Waited for the voice.
For the familiar presence at the back of his mind—the mocking sneer, the cruel commentary, the smug superiority.
There was always something. Always.
But now… there was nothing.
No snide remark.
No quiet chuckle.
Not even a flicker of presence.
Subaru blinked slowly. A faint crease formed between his brows.
That was wrong.
That was very wrong.
"…Pride…?" he said, this time quieter.
Still, no answer.
And that was when he felt the first prickle of unease—a coldness that ran beneath the burning heat, crawling slowly up his spine.
He was still alive.
Still in the desert.
Still in this moment.
He hadn't looped. He hadn't died.
The Sword Saint, Reinhard van Astrea, always killed him. It wasn't a possibility. It wasn't a coin flip. It was an absolute truth that happened every other time outside of the loops where he'd committed suicide. And yet…
This time?
Nothing.
No death. No restart.
Just… silence, total silence.
The bitterness hit first.
A dry taste on the back of his tongue, like ash and bile and sand. The same taste as failure.

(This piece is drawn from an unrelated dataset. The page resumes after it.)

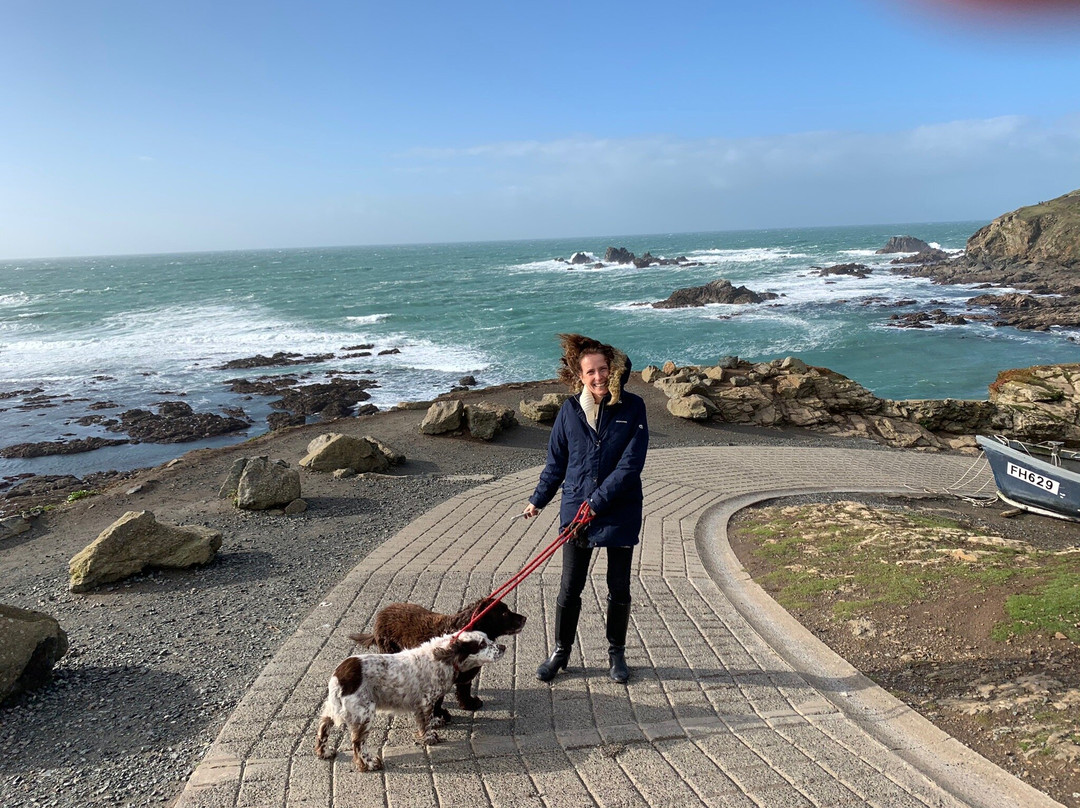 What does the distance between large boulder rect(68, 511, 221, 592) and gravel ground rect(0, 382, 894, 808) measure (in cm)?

And then the deeper feeling crept in—the gnawing, hollow ache beneath his ribs. Emptiness. Vast. Consuming.
He clenched his jaw.
"…Should I try again…?"
He didn't even know who he was asking.
The wind certainly didn't answer.
He forced himself to sit up, limbs stiff and unwilling. His body protested, but he didn't care. He was used to pain.
He was used to everything hurting.
But this—this was different.
He had failed before. Dozens of times. Died. Been humiliated. Torn apart. Crushed.
But he always had Pride. That bond. That voice. That power. Even in death, it lingered. It endured.
And now it was just… sulking?
He ran his tongue over his cracked lips. Already dry. Already aching.
Around him, the land bore scars of the battle. Wounds on the world itself.
Man-made canyons carved into the dunes like claw marks. Cratered earth. Melted and genuine glass. Some stretches of sand had transformed entirely—scorched into black, hardened obsidian. Others shimmered faintly, as if still burning beneath the surface.
From space, this battlefield would look like devastation.
He took a step.
Pain lanced up and through his entire body immediately.
"G-Gh—! F-Fuck…"
He stumbled. Nearly fell.
But his gaze drifted upward again.
Toward the sky.
"...Hey. Hey, Pride! Now's not the time to sulk, dammit—say something!"
Still no answer.
"…Pride?"
A pause.
"…Pride?!"
This time, he shouted it.
The word rang out across the desert, but there was no echo. No response.
Just that awful, crushing silence.
He reached out instinctively, hand trembling. A familiar motion.
He willed the black blade to appear. It should have been like breathing. Like blinking.
He'd done it so many times before.
But now—
Nothing.
His heart skipped.
His throat tightened.
No, no, no—
And then it hit him.
The emptiness.
The silence.
The wrongness.
His knees gave out, sand puffing around him as he dropped.
"…Pride…?"
His voice broke on the word.
"…PRIDE!!"
Gone.
Stolen.
Ripped from him by force. From his soul. From his very being.
He wasn't just powerless.
He was incomplete.
He wasn't whole.
Someone had taken away everything.
His strength. His purpose. His anchor.
Himself.
A scream built in his chest, but didn't escape. Not yet.
Instead, he ran.
Tripping. Stumbling.
No cursed energy to stabilize his steps. No reinforcement to protect him from the glass. No balance. No direction.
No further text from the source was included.